Task brief: Make your reply a word-for-word repeat of the records.

Source data:
──────

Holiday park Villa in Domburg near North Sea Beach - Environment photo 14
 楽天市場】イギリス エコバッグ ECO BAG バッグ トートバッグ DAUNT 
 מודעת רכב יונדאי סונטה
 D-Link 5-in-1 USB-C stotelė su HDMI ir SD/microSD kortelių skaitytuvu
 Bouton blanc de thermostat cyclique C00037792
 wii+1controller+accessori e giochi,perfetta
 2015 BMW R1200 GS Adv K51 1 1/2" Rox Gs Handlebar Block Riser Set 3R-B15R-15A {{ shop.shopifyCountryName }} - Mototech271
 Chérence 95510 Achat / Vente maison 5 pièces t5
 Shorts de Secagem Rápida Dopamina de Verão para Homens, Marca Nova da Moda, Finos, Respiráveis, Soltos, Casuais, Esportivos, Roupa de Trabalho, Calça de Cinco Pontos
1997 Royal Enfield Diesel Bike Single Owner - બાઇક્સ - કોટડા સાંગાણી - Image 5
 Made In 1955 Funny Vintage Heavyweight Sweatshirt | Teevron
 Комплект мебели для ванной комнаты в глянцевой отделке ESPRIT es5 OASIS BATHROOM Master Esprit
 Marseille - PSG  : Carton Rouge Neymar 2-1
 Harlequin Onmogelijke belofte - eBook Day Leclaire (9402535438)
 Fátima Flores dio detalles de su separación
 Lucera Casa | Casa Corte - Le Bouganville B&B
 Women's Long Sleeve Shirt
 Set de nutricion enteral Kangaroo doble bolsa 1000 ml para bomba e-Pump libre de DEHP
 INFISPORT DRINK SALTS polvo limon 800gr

──────

Response below:
Holiday park Villa in Domburg near North Sea Beach - Environment photo 14
 楽天市場】イギリス エコバッグ ECO BAG バッグ トートバッグ DAUNT 
 מודעת רכב יונדאי סונטה
 D-Link 5-in-1 USB-C stotelė su HDMI ir SD/microSD kortelių skaitytuvu
 Bouton blanc de thermostat cyclique C00037792
 wii+1controller+accessori e giochi,perfetta
 2015 BMW R1200 GS Adv K51 1 1/2" Rox Gs Handlebar Block Riser Set 3R-B15R-15A {{ shop.shopifyCountryName }} - Mototech271
 Chérence 95510 Achat / Vente maison 5 pièces t5
 Shorts de Secagem Rápida Dopamina de Verão para Homens, Marca Nova da Moda, Finos, Respiráveis, Soltos, Casuais, Esportivos, Roupa de Trabalho, Calça de Cinco Pontos
1997 Royal Enfield Diesel Bike Single Owner - બાઇક્સ - કોટડા સાંગાણી - Image 5
 Made In 1955 Funny Vintage Heavyweight Sweatshirt | Teevron
 Комплект мебели для ванной комнаты в глянцевой отделке ESPRIT es5 OASIS BATHROOM Master Esprit
 Marseille - PSG  : Carton Rouge Neymar 2-1
 Harlequin Onmogelijke belofte - eBook Day Leclaire (9402535438)
 Fátima Flores dio detalles de su separación
 Lucera Casa | Casa Corte - Le Bouganville B&B
 Women's Long Sleeve Shirt
 Set de nutricion enteral Kangaroo doble bolsa 1000 ml para bomba e-Pump libre de DEHP
 INFISPORT DRINK SALTS polvo limon 800gr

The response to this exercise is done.